* [EXERCISE PROMPT]: This exercise requires an exact output of the listing, images omitted.

* [INFORMATION PROVIDED]:
__________________________________________________
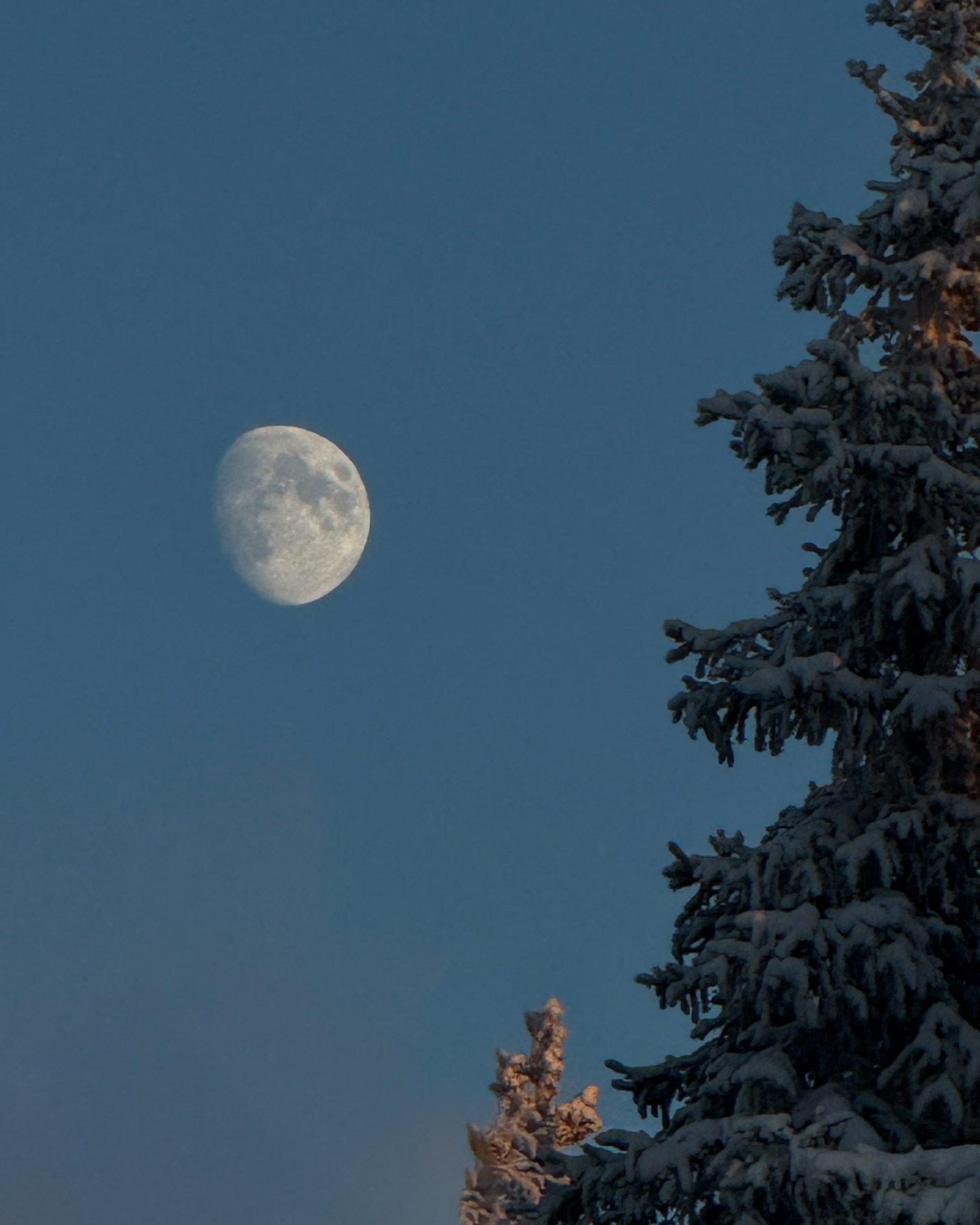 The moon lighting up Lapland’s Arctic nights and frozen landscapes ❄️🌙
📍Storberg Fjällgård
#Winter #Lapland #Moon #Arctic #Lappland #Polarkreis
__________________________________________________
* [WRITTEN SOLUTION]:
 The moon lighting up Lapland’s Arctic nights and frozen landscapes ❄️🌙
📍Storberg Fjällgård
#Winter #Lapland #Moon #Arctic #Lappland #Polarkreis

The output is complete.